The best meal in St Andrews

Let me start off by saying I am a food snob. A raging food snob. I come from a magical place (St. Louis, USA), where one can find amazing food […]


Let me start off by saying I am a food snob. A raging food snob. I come from a magical place (St. Louis, USA), where one can find amazing food at cheap prices. This is probably because St. Louis is so boring that no one wants to live there, thus rents are cheap and we have nothing else to do but eat #fattestcountryintheworld. I come from the land of two dollar pork cheek tacos, five dollar bibimbap and cheap burritos, which are the size of small children. 

My upbringing gave me certain expectations of food, both in price and quality, which I will now force upon our quaint little town. I’m going to use these expectations, however, to do some good. I’m going to let you guys and gals in on a little secret: the best meal in St Andrews. 

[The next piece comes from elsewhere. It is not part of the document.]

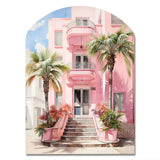 Pink Miami Artful Facades II - Asymmetric Metal Wall Art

Trust me when I say that I do not award this title lightly. This decision has only been made after literally years of deliberation, lunch dates and tummy grumbling. My criteria is the only one that matters: satisfaction for price. 

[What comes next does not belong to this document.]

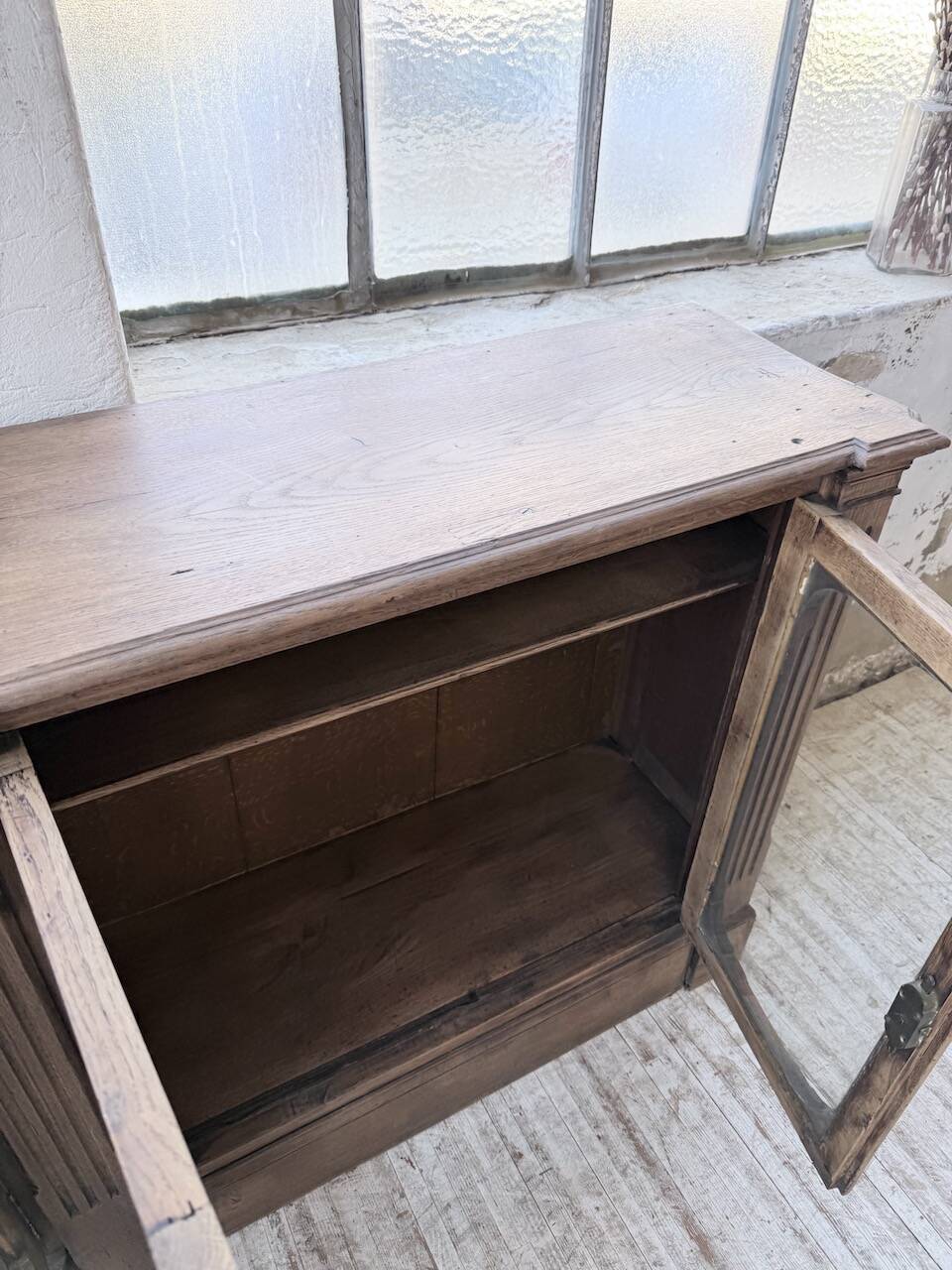 Enfilade display cabinet, solid oak, 1920.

I use this non-specific term, ‘satisfaction’, on purpose. Food attacks the senses. It explodes across the line between functional need and aesthetic desire. It is art fueled by necessity rather than just pleasure. Satisfaction is the aggregate joy that a meal gives me, whether that is satisfying my taste buds, hunger, proud frugality, or obnoxious nutritional awareness. 

My quest for a good meal in this town has been filled with high hopes, plummeting disappointment, and genuine frustration at the huge volume of eating establishments which all serve the same, re-heated, deep fried, and mayonnaise drenched food. If I see another burger menu, panini platter, or half-thawed sausage in my full english breakfast, I think I am going to scream. It is as if the vast majority of eating establishments in this town assume that its inhabitants have the culinary awareness of some poor soul three shots too deep; too far gone to identify anything more complex than ‘cheese,’ ‘pork,’ or ‘vinegar.’ It’s as if they think we don’t care. Well I do care. I do care, dammit.  

On the other hand, any place brave enough to venture away from the panini, burger, and pizza menu (pb&p for short), thinks it so ingenious that they feel justified in charging extortionate prices for poor quality and teensy portions. Overcooked pasta with some plum sauce on it does not count as noodles. Don’t even talk to me about Butler’s: a £5 snack. My 50 kilogram girlfriend would need to eat four of those just to make it through to dinner time. And almost all of our ‘ethnic‘ food is only good enough to ‘fool the Westerners.’ Take an Asian person to The Dining Room and see what happens. The fact that The Grill House is considered ‘mexican food‘ makes me tear up a little.     

This leads me to the best meal in St. Andrews (drumroll…): the Boots meal deal. I have walked out of Boots with literally eleven pounds worth of food for their flat price of £3.29. A triple sandwich, Trek bar, and a Naked Juice. The meal is filling and nutritionally sound. I am not saying that this is the tastiest meal in St. Andrews. I am not saying this is the cheapest meal in St Andrews. I am saying it is the most satisfying one.

Trust me, I hate the fact that I just declared a meal deal from a pharmacy the best meal in St Andrews – a meal that is not even prepared here. But frankly, what I can only deduce as the socially engrained low expectations for food in this town, and I’m beginning to think in this country, have forced my hand. 

Honestly, if you really want to eat well and affordably, you should never eat a meal outside of your kitchen. But if, like me, you sometimes find yourself hungry on Market street, I would suggest Boots. 

Just don’t take the last Naked Juice; I will find you, à la Liam Neeson, if you take the last Naked Juice.